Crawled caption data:

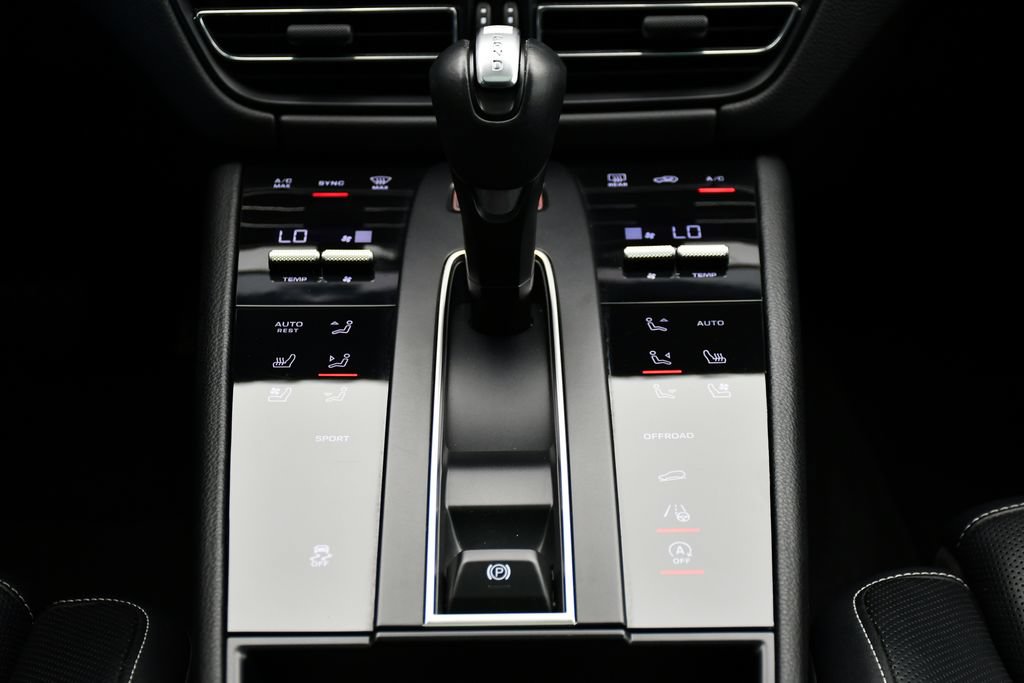 Certified 2024 Porsche Macan AWD/4WD image 30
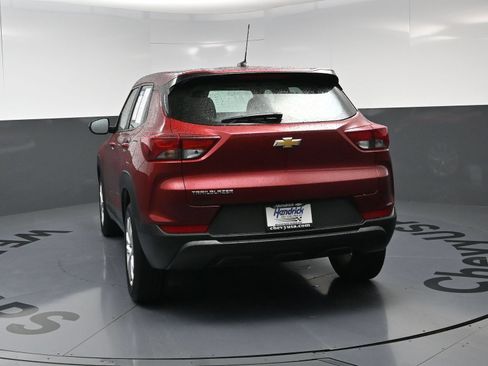 Used 2023 Chevrolet TrailBlazer LS FWD image 8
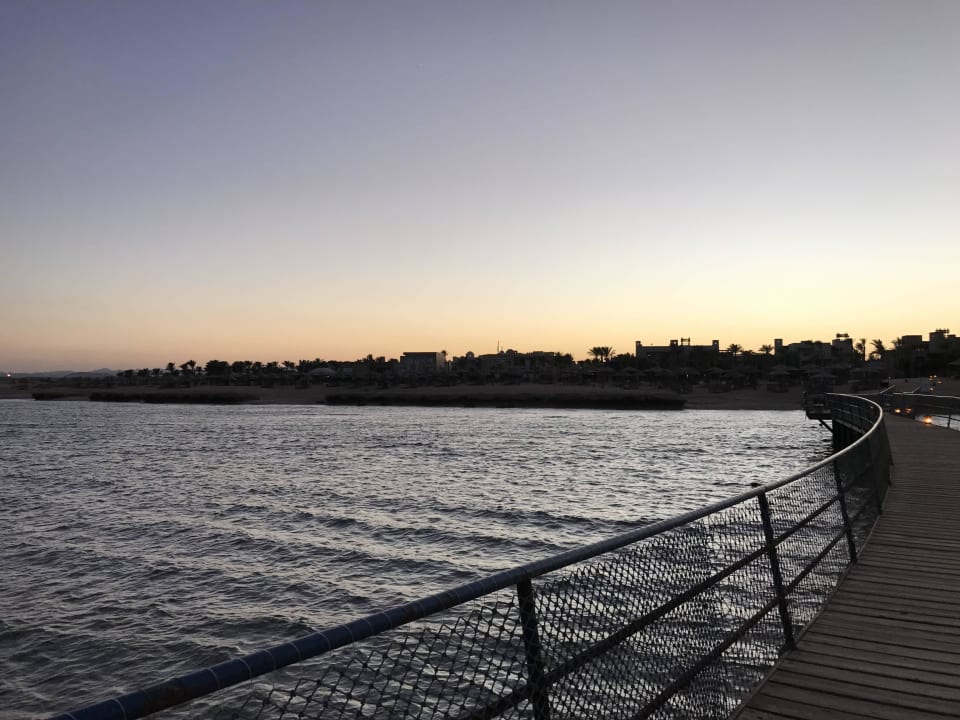 Blick vom Steg auf den Strand Pickalbatros Palace Hotel-Port Ghalib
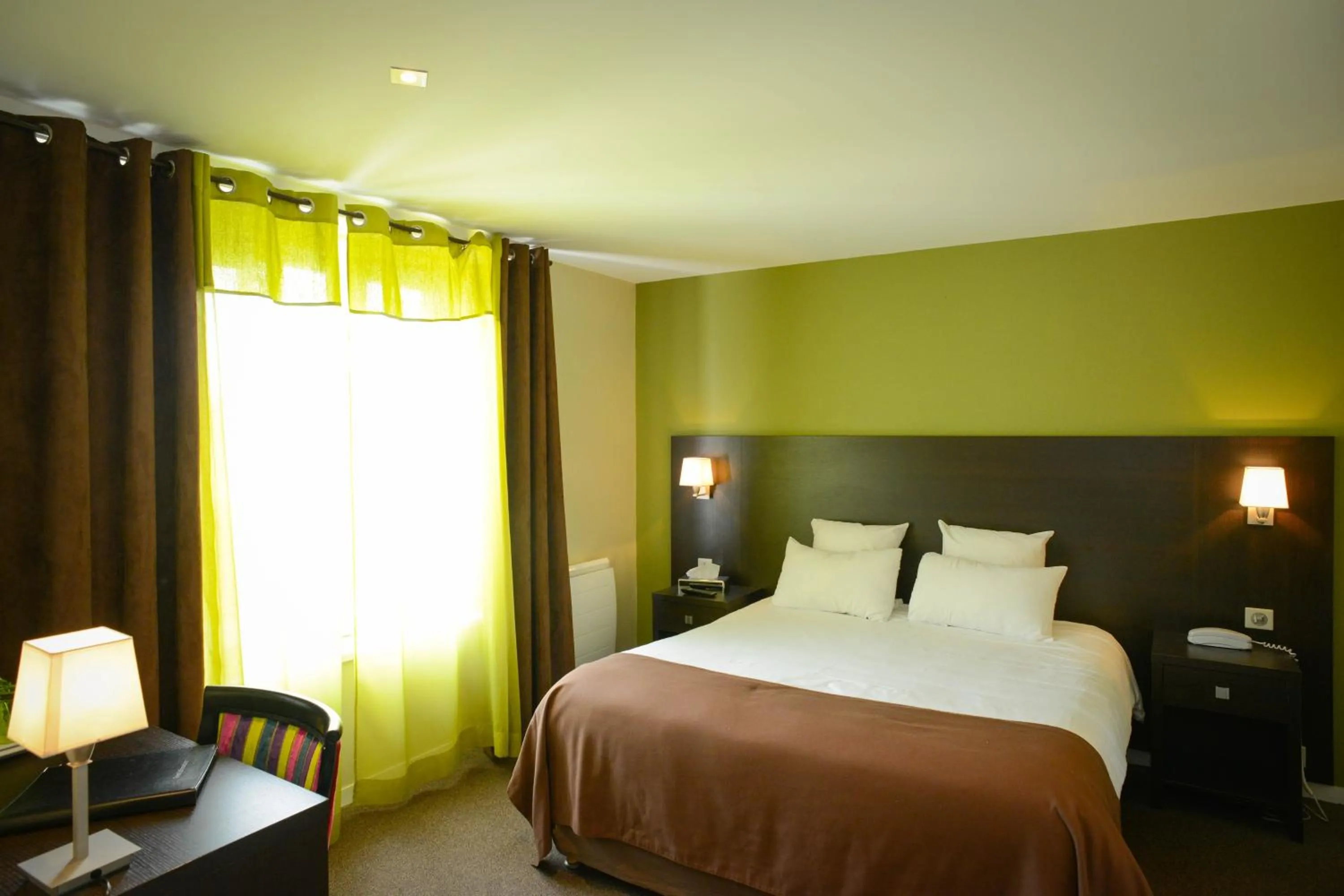 Photo of the whole room, Bed in Logis Hôtel Restaurant l'Auberge Normande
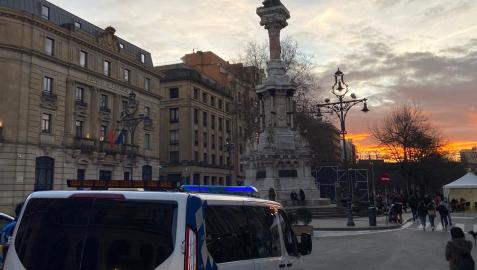 Una patrulla de la Policía Municipal, en el paseo de Sarasate de Pamplona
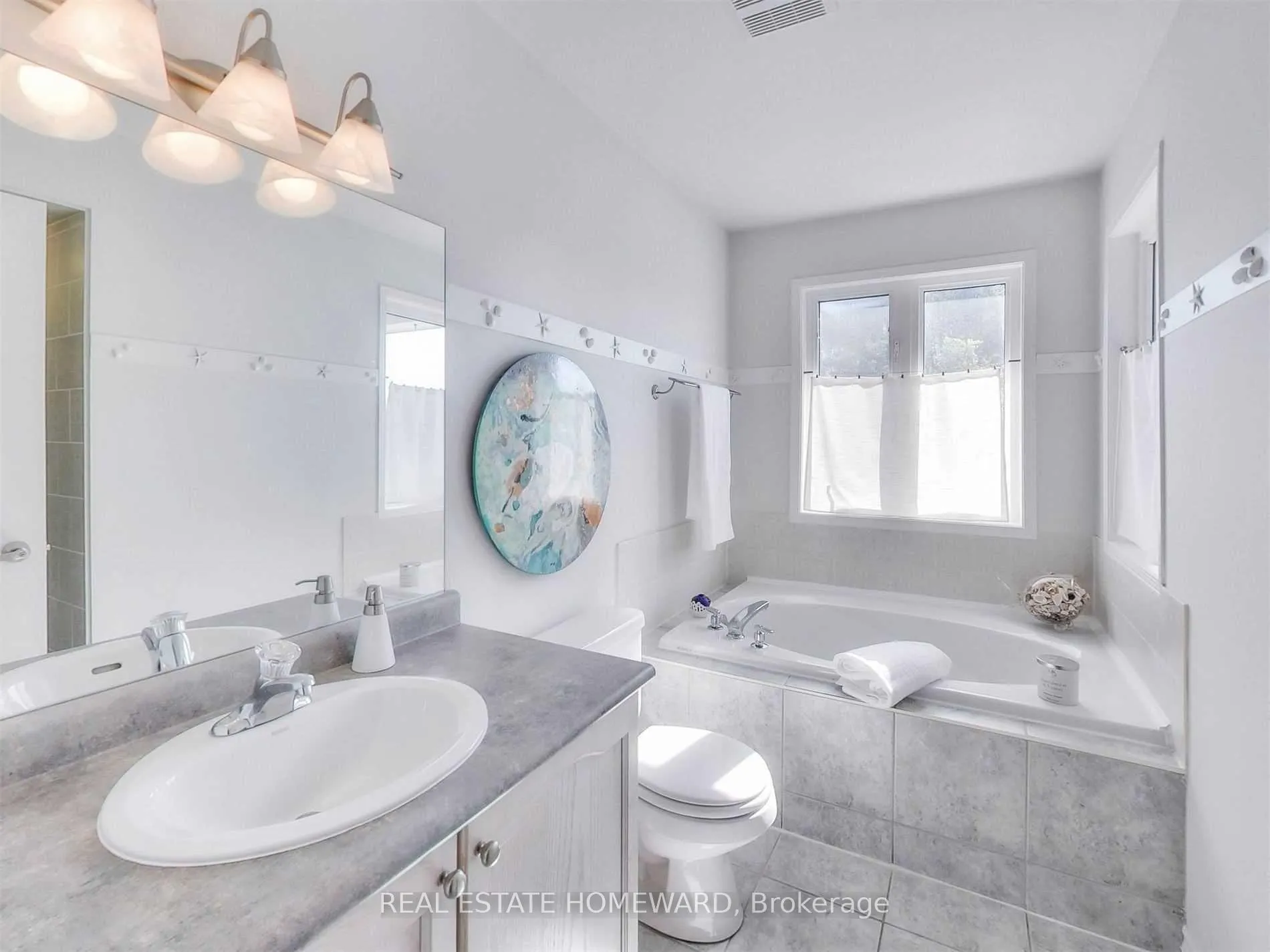 Photo 7 of 23 Belleville Street, Toronto, East End-Danforth — HOMEH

## What is being asked
From the first line of the records down through the line containing "Una patrulla de", transcribe exactly those lines and no others, both ends kept, pictures dropped.

## Result of this exercise
 Certified 2024 Porsche Macan AWD/4WD image 30
 Used 2023 Chevrolet TrailBlazer LS FWD image 8
 Blick vom Steg auf den Strand Pickalbatros Palace Hotel-Port Ghalib
 Photo of the whole room, Bed in Logis Hôtel Restaurant l'Auberge Normande
 Una patrulla de la Policía Municipal, en el paseo de Sarasate de Pamplona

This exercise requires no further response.